Abstract
Introduction: Immune checkpoint blockade of CD47, a macrophage checkpoint protein that serves as a “don't-eat-me” signal on cancer cells, is known to enable tumor-cell phagocytosis, and has shown promising results in clinical trials in lymphomas. However, additional cytotoxic cell death mechanisms beyond phagocytosis have also been reported, potentially contributing to the overall anti-tumor activity. The latter cell death mechanisms have yet to be well-characterized, therefore warranting further investigation to comprehensively understand the anti-tumor mechanisms of CD47-blockade in lymphoid malignancies to facilitate identification of optimal drug partners for combination therapy.
Methodology: The fully humanized anti-CD47 monoclonal antibodies, SRF231, magrolimab, as well as the mouse monoclonal anti-CD47 antibody, B6H12, were evaluated in this study. Cell death mechanisms involving apoptosis, autophagy and necroptosis were analyzed using techniques such as BH3 profiling (Ryan, Biol Chem, 2016), Hoechst/Annexin V, flow cytometry, pharmacological and genetic (siRNA and CRISPR-Cas9 knockout) manipulations, Western blotting and immunohistochemistry. Cell lines including diffuse large B-cell lymphoma (DLBCL) (Ri-1, OCI-Ly1, TMD8, venetoclax-resistant OCI-Ly1-R), Burkitt's lymphoma (Raji), and T-acute lymphocytic leukemia (Jurkat) were used for in vitro analyses. Results generated from in vitro experiments were used to select promising drugs for treatment combination with CD47 blockade. Findings were validated using primary, peripheral blood-derived chronic lymphocytic leukemia (CLL) cells, purified human monocytes, T and B cells, treated ex vivo as well as in vivo in various lymphoid cell line-derived (CDX) and DLBCL patient-derived xenograft (PDX) mouse models.
Results: The anti-CD47 antibody SRF231 consistently killed tumor cells in lymphoid malignant cell lines, primary CLL cells, CDX and PDX models by activating necroptosis, while sparing other immune cells such as monocytes, T and B cells. The induction of necroptosis was confirmed by demonstrating increased phospho-activation of RIPK and downstream phospho-MLKL, which were abrogated by multiple pharmacological inhibitors of necroptosis and genetic silencing/knockout of CD47, RIPK and/or MLKL. We further ascertained that this necroptotic programmed cell death did not involve apoptotic- or autophagic-cell death, as caspase cleavage or LC3-flux were absent, respectively. Moreover, inhibiting apoptosis with Z-VAD-FMK or autophagy with BAPTA-AM did not rescue SRF231-induced cell death.

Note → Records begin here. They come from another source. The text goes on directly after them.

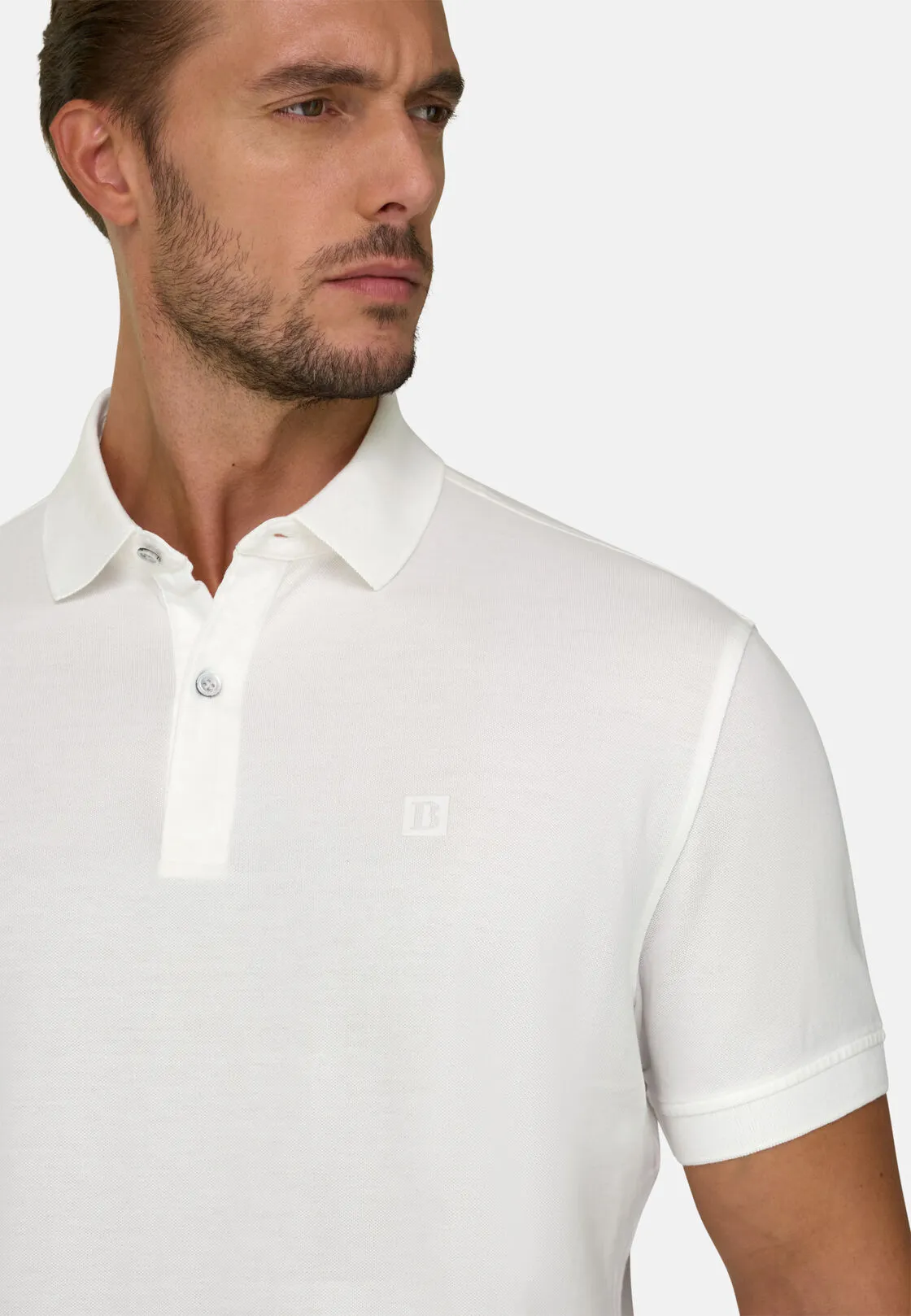 Boggi, Polo In Pique Di Cotone Regular Fit, Donna, Bianco, Taglia: M - immagine 3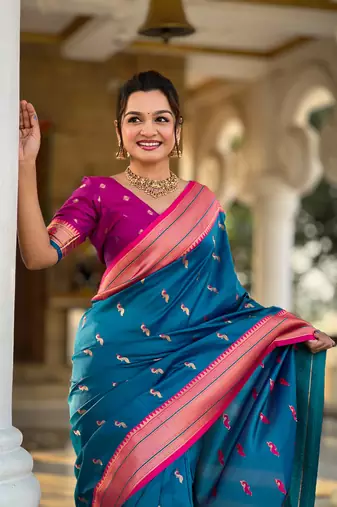 Soft paithani silk blend saree with zari weaving motif design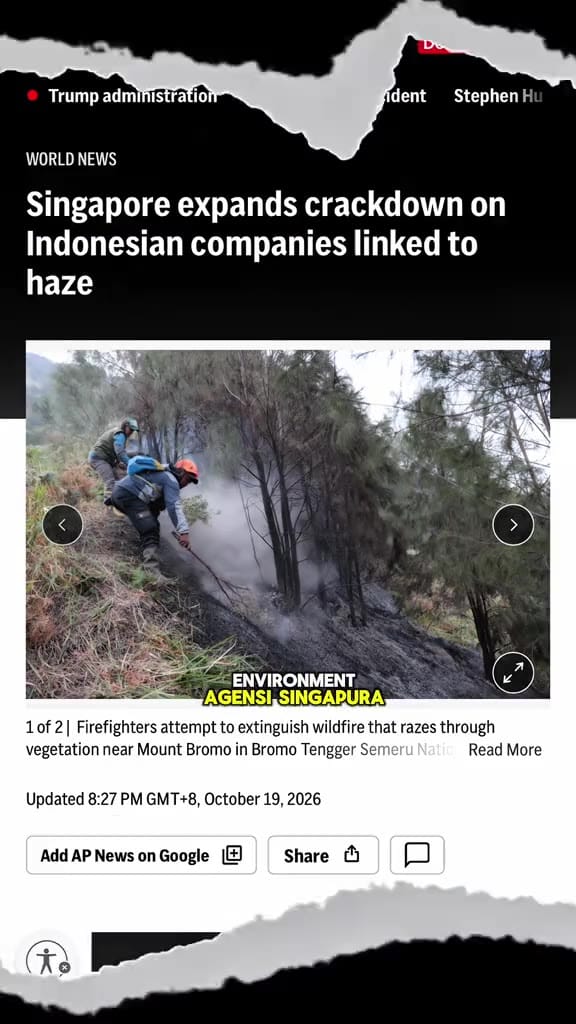 Image from: Singapura Keluar Notis Tindakan Kepada 10 Syarikat Indonesia Terkait Isu Jerebu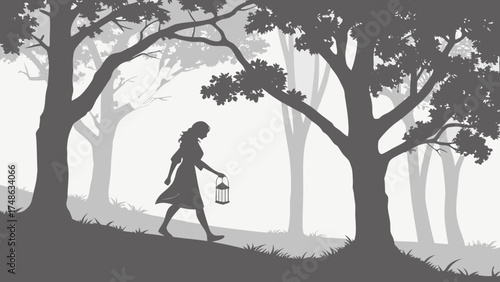Enchanted Evening Walk, Woman with Lantern, Moonlit Forest, Digital Illustration, Serene, Silhouette View, Tranquility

Given that necroptosis was the primary cell death mechanism, we utilized BH3 profiling technique to identify a potential combination partner to specifically induce apoptosis in our lymphoid malignant models, to potentially leverage an additional cell death pathway to enhance tumor cell death. BH3 profiling identified the BCL-2 inhibitor venetoclax as a potentially effective therapeutic partner for SRF231 against lymphoid malignant cells that are specifically and highly dependent on BCL-2 for survival (Survival rate: DMSO – 100%, (50nM) VEN – 71.39%, SRF231 – 57.01%, Combo – 19.53%, P-value < 0.0001). A treatment combination with SRF231 plus venetoclax in vivo completely eliminated tumor burden and prolonged progression-free survival in a BCL-2-dependent lymphoma xenograft model (Mice survival rate at day 70: Isotype control – 0%, VEN – 0%, SRF231 – 58.3%, Combo – 100%; P-value < 0.0001). Importantly, SRF231 was equally effective against non-BCL-2 dependent, venetoclax-resistant lymphoma models (PDX mice survival rate at day 200: Isotype control – 0%, SRF231 – 62.5%, P-value < 0.0001) .

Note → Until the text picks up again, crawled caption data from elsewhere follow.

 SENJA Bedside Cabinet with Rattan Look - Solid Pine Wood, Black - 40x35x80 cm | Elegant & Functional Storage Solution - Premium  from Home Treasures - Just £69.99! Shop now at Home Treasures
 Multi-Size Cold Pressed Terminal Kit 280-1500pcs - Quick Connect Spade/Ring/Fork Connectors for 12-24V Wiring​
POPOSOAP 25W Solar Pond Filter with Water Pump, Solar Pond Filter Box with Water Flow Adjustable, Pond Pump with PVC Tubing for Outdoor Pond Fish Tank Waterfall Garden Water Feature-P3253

Conclusion: Our study unravels a novel, critical non-canonical cell death mechanism of targeting CD47 via necroptosis. We also demonstrate the complementary and distinct cell death mechanisms of SRF231-induced necroptosis and venetoclax-induced apoptosis, a combination worthy of further study in the clinic specifically against BCL-2-dependent lymphoid malignancies.